Nun passiert etwas Merkwürdiges: Schaut man auf das Gemälde von John William Waterhouse, dann ist gegenwärtig der Weg nicht weit, diese sieben Nymphen auch als sieben dieser 72 Jungfrauen zu sehen, die einen islamistischen Märtyrer erwarten, wenn er erfolgreich zu Tode gekommen ist und dabei möglichst viele Feinde des Glaubens mit sich gerissen hat.

In verschiedenen islamischen Referenzen werden diese Jungfrauen tatsächlich so beschrieben, wie sie Waterhouse gemalt hatte: breite und schöne Augen, weiße Haut, ewig jung mit nicht hängenden Brüsten, anregenden Vaginas und mit zurückhaltend, bescheidenem Blick. Aber die islamischen Referenzen, Referenzen von Männern selbstverständlich, gehen noch weiter als Waterhouse: die 72 Jungfrauen sind nicht menstruierend, nicht urinierend, nicht stuhlend und ohne Kinder. Schaut man genau hin, sind Waterhouse’ Nymphen als Minderjährige gemalt.

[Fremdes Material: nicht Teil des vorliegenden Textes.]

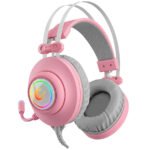 Slušalice sa mikrofonom gaming RAMPAGE RM-K1 PULSAR pink, USB, 7.1 Surround+Vibration, RGB, dugi fleksibilni mikrofon, 36130 - Image 2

Aber deshalb wurde das Gemälde gar nicht abgehängt. Der Kuratorin ging es um einen Debattenanstoß in Sachen #metoo. An der leeren Wand hängt nun ein Informationspapier und die Aufforderung, seine Meinung dazu mit einem Posting rund um dieses Papier herum zu veröffentlichen. Ein Foto dieser Aktion zeigt schon etwa einhundert dieser Zettelchen die Clare Gannaway so kommentiert: „Some interesting comments Looking forward to more conversation about this …“

Ein Leser dieser Nachricht kann damit wenig anfangen und twittert zurück: „For your next trick, you should shoot yourselves in the feet and call it performance. You have have done nothing but alienate and insult your audience with your supercilious attitude. Yet you think you are having marvellous conversations.“

Keine Geschmacksfrage
Darf Kunst wirklich alles?
Ein befreundeter Künstler des Autors hier, der gerade in Mexiko eine Kunstperformance präsentierte, schickte eine Mail zu dem Vorfall und schrieb unter anderem: „Es geht an die Substanz, von allen Seiten. Solche Fälle sind nichts gegen all das, was gar nicht erst mehr gehängt, gedruckt, produziert wird. Und er erzählt von einem Buchprojekt, das kein Verlag haben wollte, weil es ethisch zu heikel war. Der Verlag hätte einen Rufschaden befürchtet. Worum es ging? Um einen jungen Mann, „der schönen Sex mit einer alten behinderten Frau hat.“ Also eigentlich ja das klassische Harold und Maude Thema zensiert im vorauseilenden Gehorsam vor irgendwas mitten im 21. Jahrhundert.

Nun könnte sich Clare Gannaway aus Manchester tatsächlich auch diesen kleinen Debattenanstoß hier als Erfolg auf ihre Fahnen schreiben, aber wäre das nicht so, als würde man jemanden öffentlich die Faust ins Gesicht schlagen, um Gewalt in der Gesellschaft zu thematisieren? Der deutsche Künstler der in Mexiko gerade eine Performance macht, hat schon recht: Schlimmer wiegen doch die vielen Projekte, von denen nie jemand erfährt, weil sie schon im Vorfeld gar nicht erst mehr gehängt, gedruckt oder produziert werden.

Deutschlandfunkkultur titelte online zur Bilderabhängung in Manchester: „Die Nymphe als degradierte Femme Fatale.“ Und Jürgen Kaube widerspricht für die Frankfurter Alllgemeine: „Ein Bild abzuhängen, um ein Gespräch über seine Motive anzustoßen, ist widersinnig. Erkennbar wird hier als Diskussionsanstoß verbrämt, was in Wahrheit der Versuch ist, die von solchen ‚Kuratoren‘ erwünschten Ergebnisse einer solchen Diskussion vorwegzunehmen: dass nämlich so nicht hätte gemalt werden sollen, wie Waterhouse malte.“

Folgen wir Kaube, dann wird also von der Gegenwart aus die Vergangenheit zensiert und diskreditiert. Der ehemalige Bundespräsident Horst Köhler überschrieb einmal eine Rede mit dem Satz: „Geschichte kennen. Gegenwart begreifen. Zukunft gestalten.“ Er schrieb aber nicht: Geschichte verurteilen, Gegenwart überhöhen, Zukunft verdüstern. Lassen wir also Manchester getrost Manchester sein und wünschen der Kuratorin ein herzliches „let it be“ and please: find yourself in times of trouble.